Rimbaud's break with poetry was so decisive, so abrupt, that critics have spent decades trying to account for what one “hyperbolic assessment” deemed as having “caused more lasting, widespread consternation than the break-up of the Beatles.” What could have caused the young libertine, so drawn to urban voyeurism and the skewering of the local bourgeoisie, to disappear from society for an anonymous, rootless life?
On the other hand, in revisiting the poetry we find—amidst the grotesque, hallucinogenic reveries—that “travel, adventure, and departure on various levels are thematic concerns that run through much of Rimbaud”: from 1871’s “The Drunken Boat” to A Season in Hell’s “Farewell,” in which the poet writes, “The time has come to bury my imagination and my memories! A fitting end for an artist and teller of tales.”

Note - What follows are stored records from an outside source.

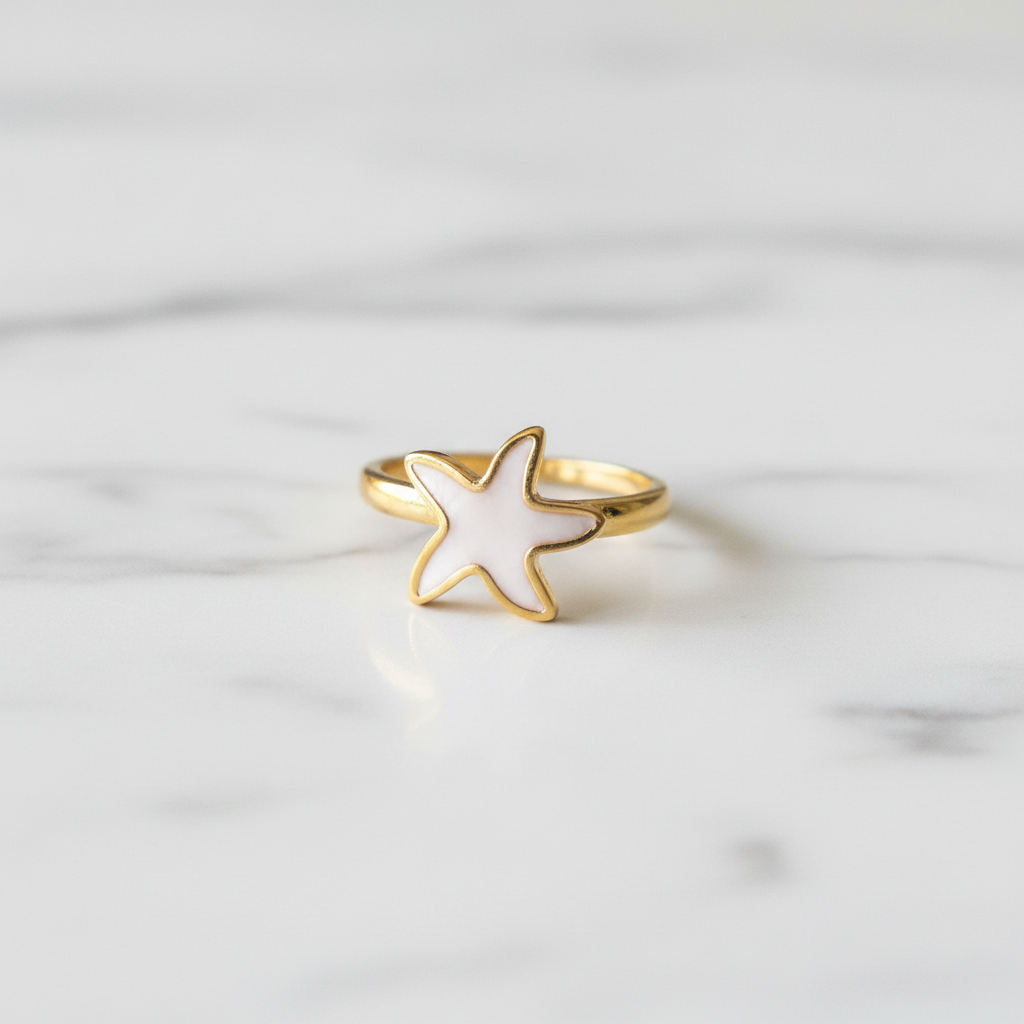 Gold white enamel starfish open cuff ring on white marble surface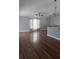Open-concept living room with hardwood floors and plenty of natural light at 2841 S Cranberry Blvd, North Port, FL 34286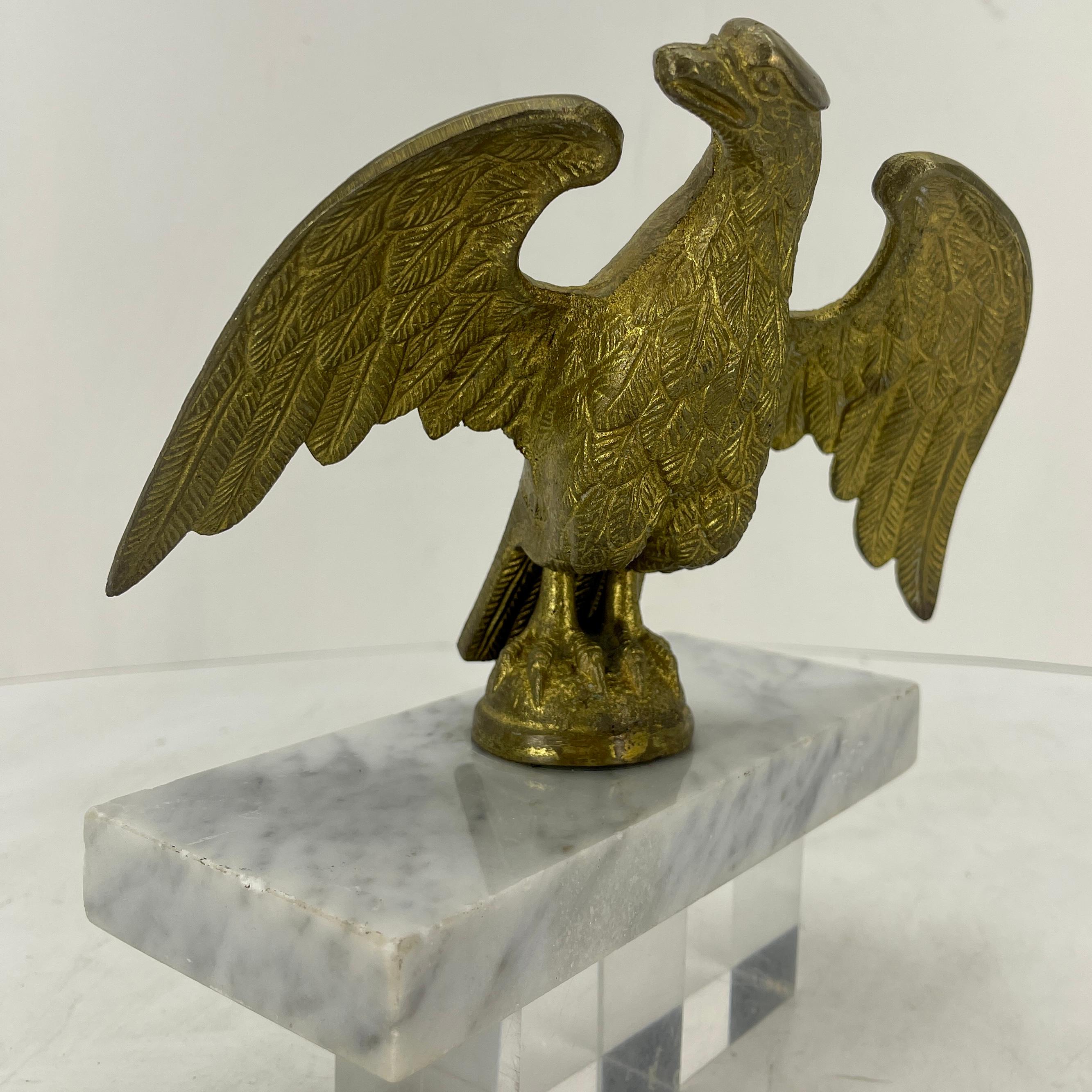 Sculpture italienne en bronze doré représentant un aigle sur une pièce rectangulaire en marbre blanc de Carrera. La grande qualité du travail de dorure et le jeune âge de la sculpture de l'aigle la rendent exceptionnelle.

He was only 18 then, in 1873, when he wrote his farewell. Two years later, he would finally end his violent tumultuous relationship with Paul Verlaine, and embark on a series of voyages, first by foot all over Europe, then to the Dutch East Indies, Cyprus, Yemen, and finally Abyssinia (modern day Ethiopia), where he settled in Harar, struck up a friendship with the governor (the father of future Emperor Haile Selassie), and became a highly-regarded coffee trader, and yes, gun dealer.
Rimbaud may have left poetry behind, deciding he had realized all he could in language. But he had not given up on approaching his experience aesthetically. Only, instead of trying “to invent new flowers, new stars, new flesh, new tongues,” as he wrote in “Farewell,” he had evidently decided to take the world in on its own terms. He documented his findings in essays on geography and travel accounts and, in 1883, several photographs, including two self-portraits he sent to his mother in May, writing, “Enclosed are two photographs of me which I took.”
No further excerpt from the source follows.